Regarding the newsroom storyline, I think David Simon was too close to the source material. The result was something unusually didactic (a flaw of his later work that showed up again in We Run This City) and focused more on settling scores with people he used to work with and for than really examining the deeper structures and institutions at work in destroying American newspapers.
There is a story to be told there about vulture capitalists stripping profitable companies for the equivalent of the copper wire in the walls, about how Web 2.0 companies destroyed the funding model often through deliberate fraud, and the deregulation that made all of this possible. That's not the story Simon wanted to tell.
Regarding the serial killer storyline, I think there were two main problems aside from any issues about realism or sensationalism.
The first is that I don't think it actually got to a truth about police corruption - in real-life Baltimore, the Gun Trace Task Force members weren't running around robbing drug dealers and committing overtime fraud in order to finance investigations of the major criminals actually harming the city, they did it to line their own pockets.
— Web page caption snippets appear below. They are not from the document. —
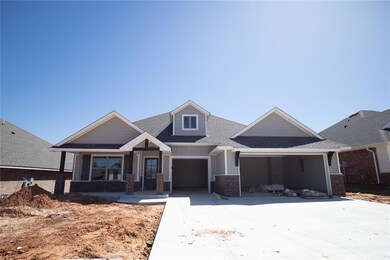 Craftsman inspired home featuring covered porch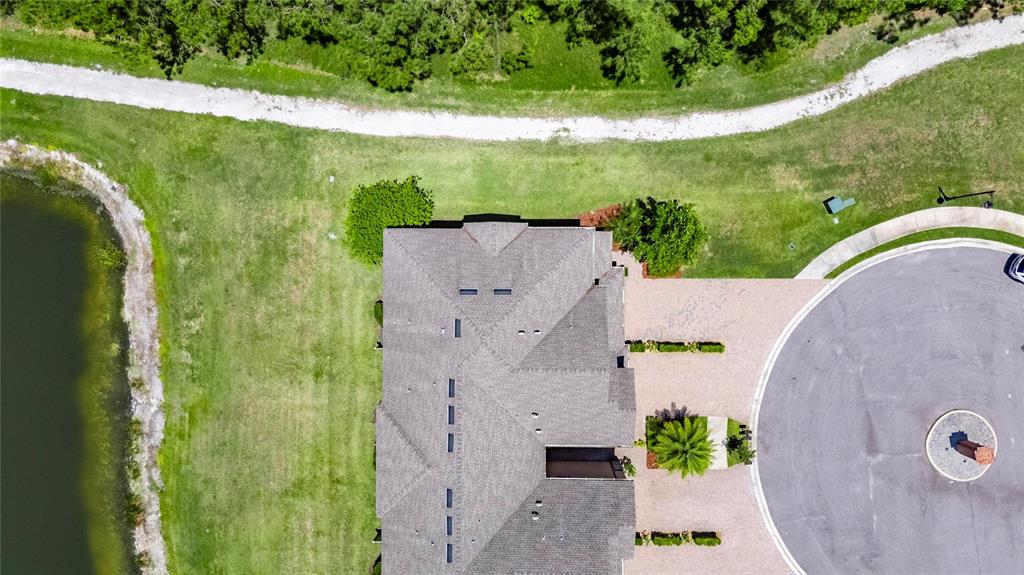 4899 Isola Court Wesley Chapel, FL 33543 - Photo 10 of 86 an aerial view of a house with a garden
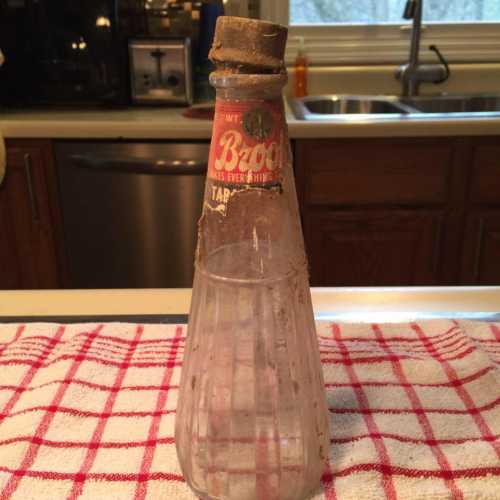 A vintage glass bottle with a cork stopper and a faded label, resting on a red and white checkered cloth.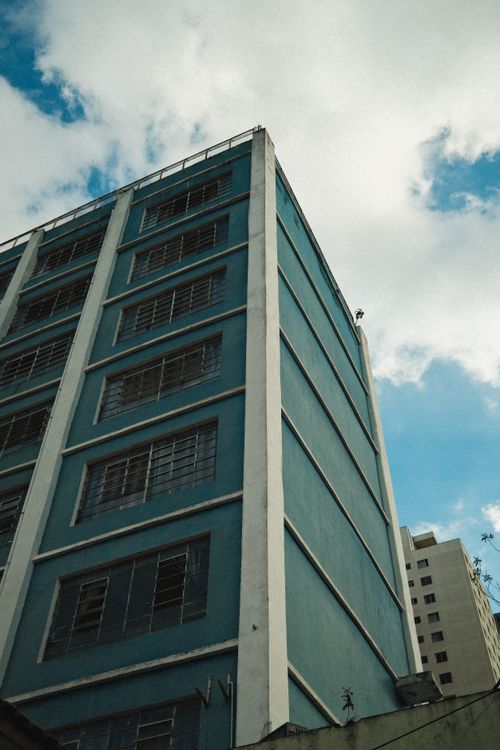 Free A towering urban high-rise building with a blue facade set against a bright, cloudy sky. Stock Photo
Their resentments weren't driven by budget cuts and upper management, they were driven by black residents of Baltimore challenging them over police brutality.
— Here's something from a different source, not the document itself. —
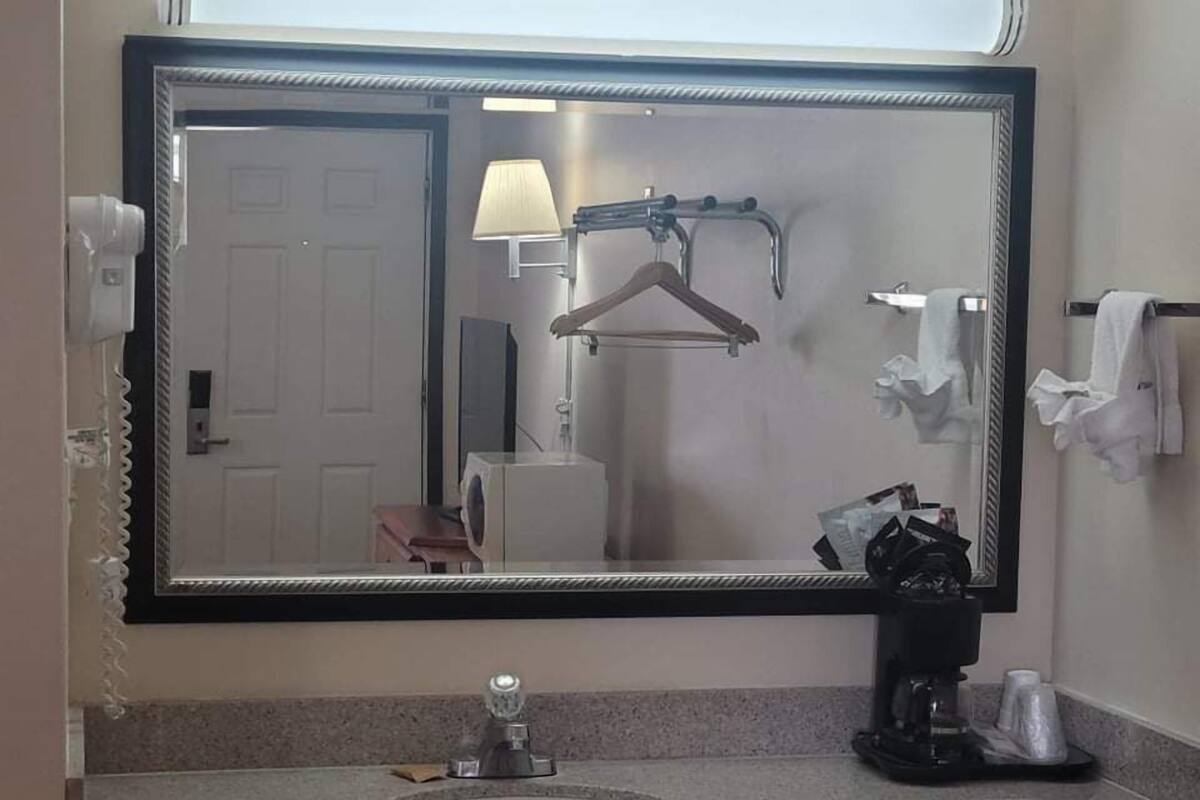 Un baño con un espejo grande, un lavamanos, un perchero para toallas y una toalla colgada.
The second is that I don't think it did a good job wrestling with the big question about "good police" versus "bad police." Leaving aside the whole abolition debate (which hadn't yet become a part of public discourse when the Wire was running), I think there are some legitimate questions about David Simon's frameworks about policing, with narcotics surveillance and Homicide held up as "good policing," and street-level War on Drugs policing as "bad policing." However, when challenged about the wave of exonerations coming out of the Baltimore Homicide Department involving the detectives that Simon had lionized as "good po-lice" in his book and Homicide and The Wire, Simon clammed up and stammered denials.
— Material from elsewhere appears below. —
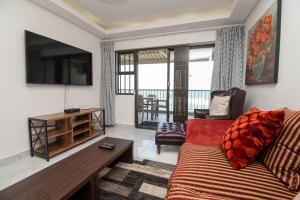 a living room with a couch and a tv at 8 Bronze Beach Umhlanga Rocks in Durban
If even the supposed best of the police turn out to be systematically violating the rights of the accused because it's easier than doing their job legit, is there anything redeemable about the system? In Season 5, McNulty and Freamon commit many procedural crimes, but the policework they financed with them was sound - hence the tragic aspects of their downfall. But in reality, they just would have pinned a random murder on Marlo and engineered enough false witness statements to put him away.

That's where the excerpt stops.